_ENTRIES PROVIDED_:
◇ ◇ ◇ ◇
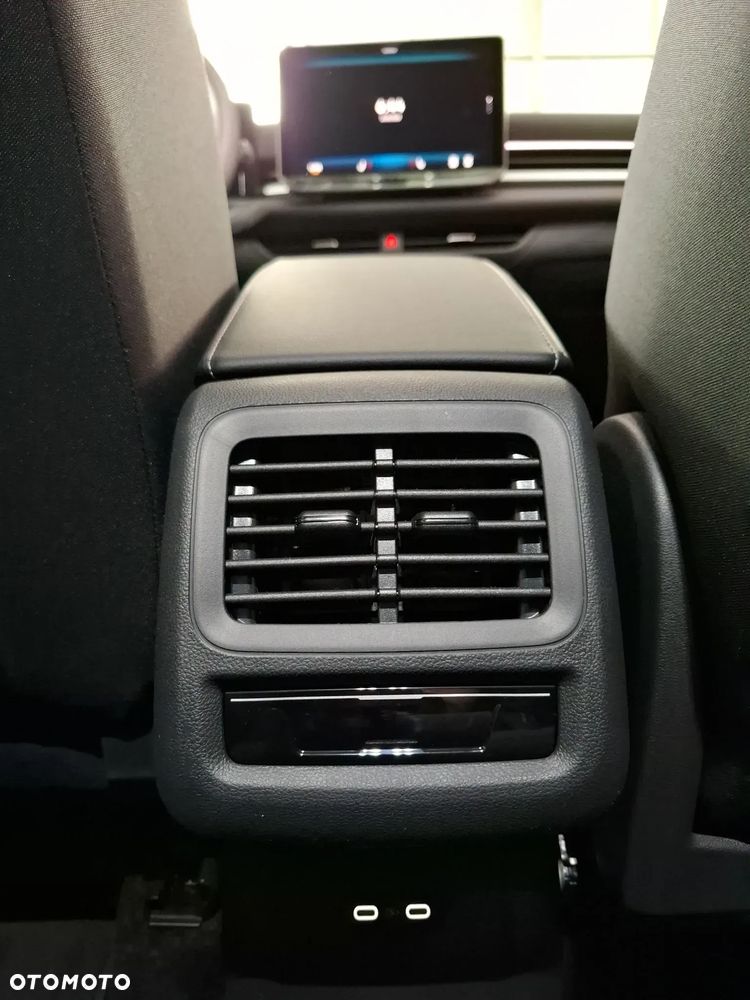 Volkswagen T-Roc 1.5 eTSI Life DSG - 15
◇ ◇ ◇ ◇
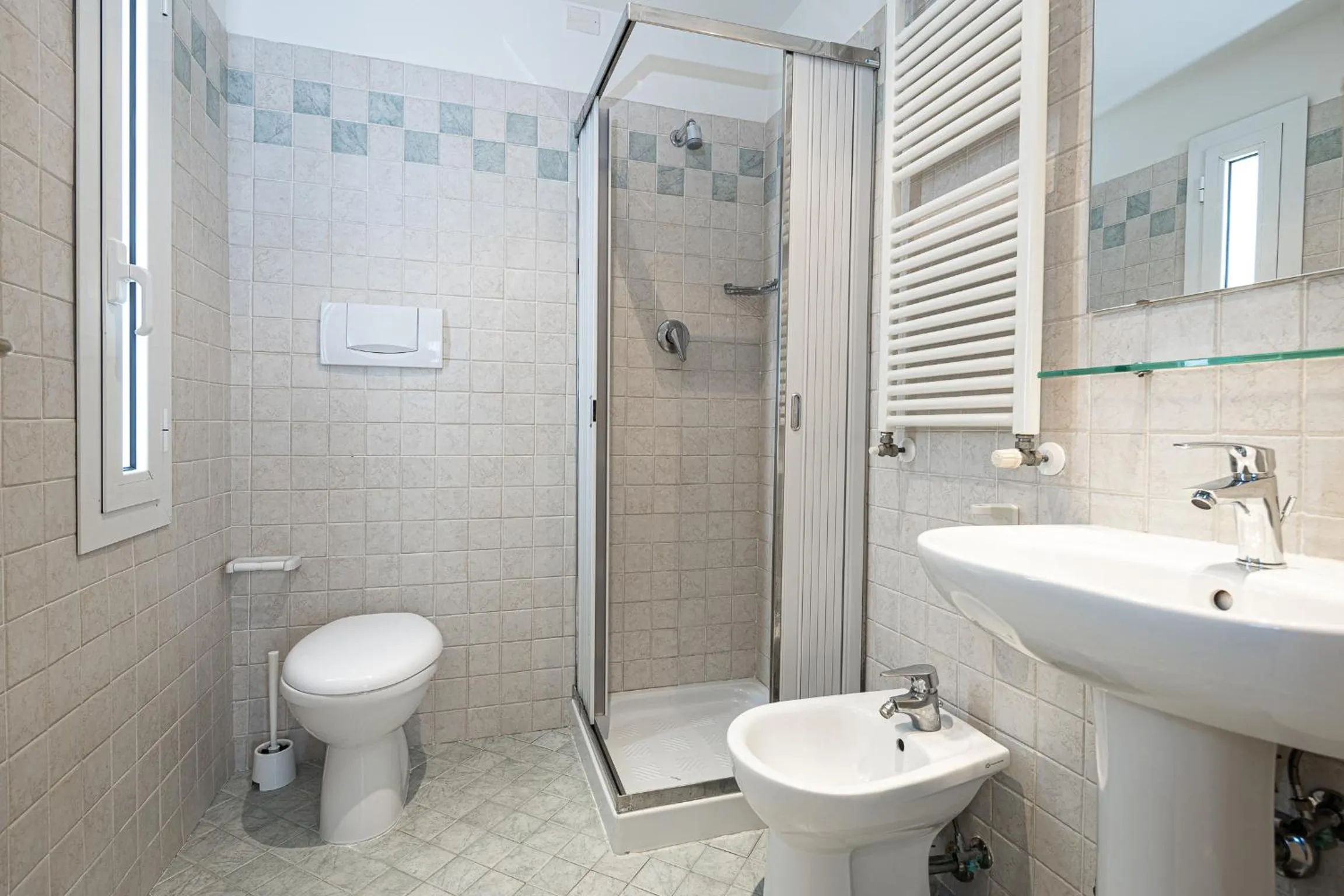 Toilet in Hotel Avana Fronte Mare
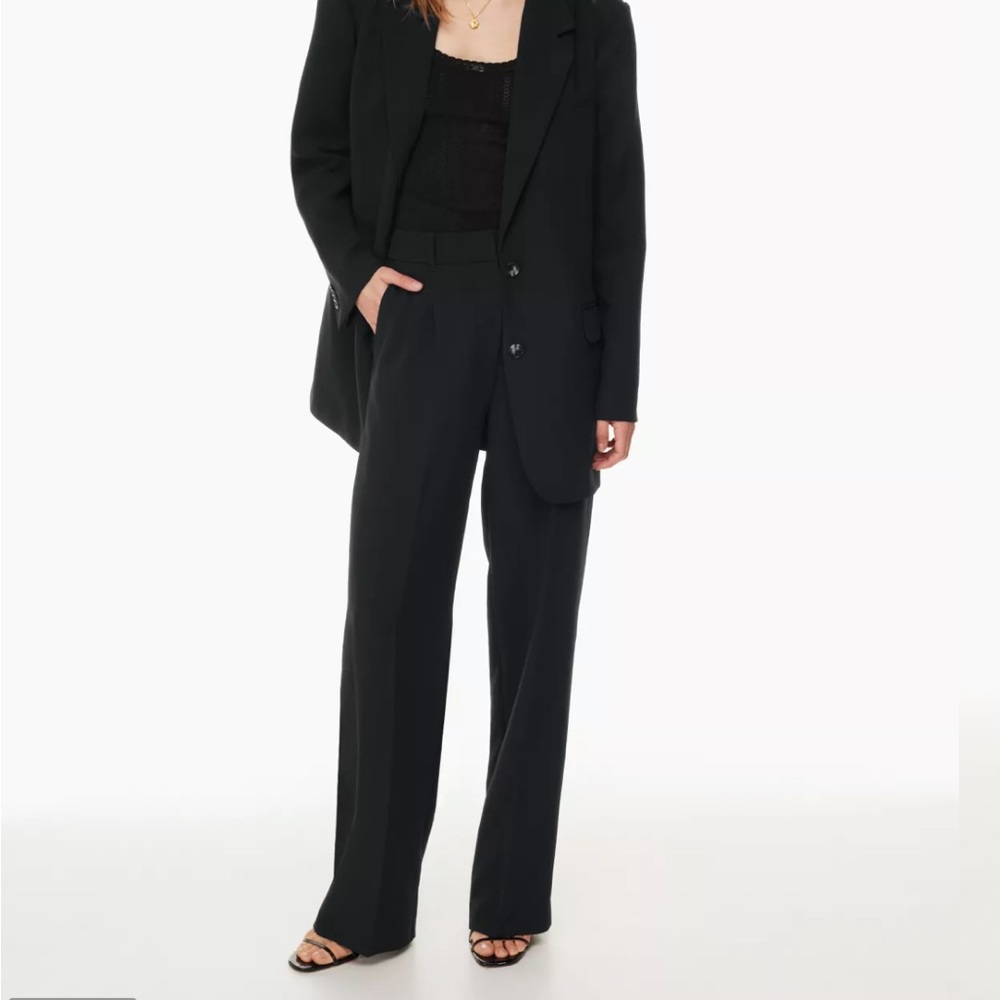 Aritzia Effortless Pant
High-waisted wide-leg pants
◇ ◇ ◇ ◇
_TASK DESCRIPTION_: The answer is the lines above from the one with "Aritzia Effortless Pant" to the one with "High-waisted wide-leg pants", set down exactly, with no pictures.

_EXERCISE OUTPUT_:
 Aritzia Effortless Pant
High-waisted wide-leg pants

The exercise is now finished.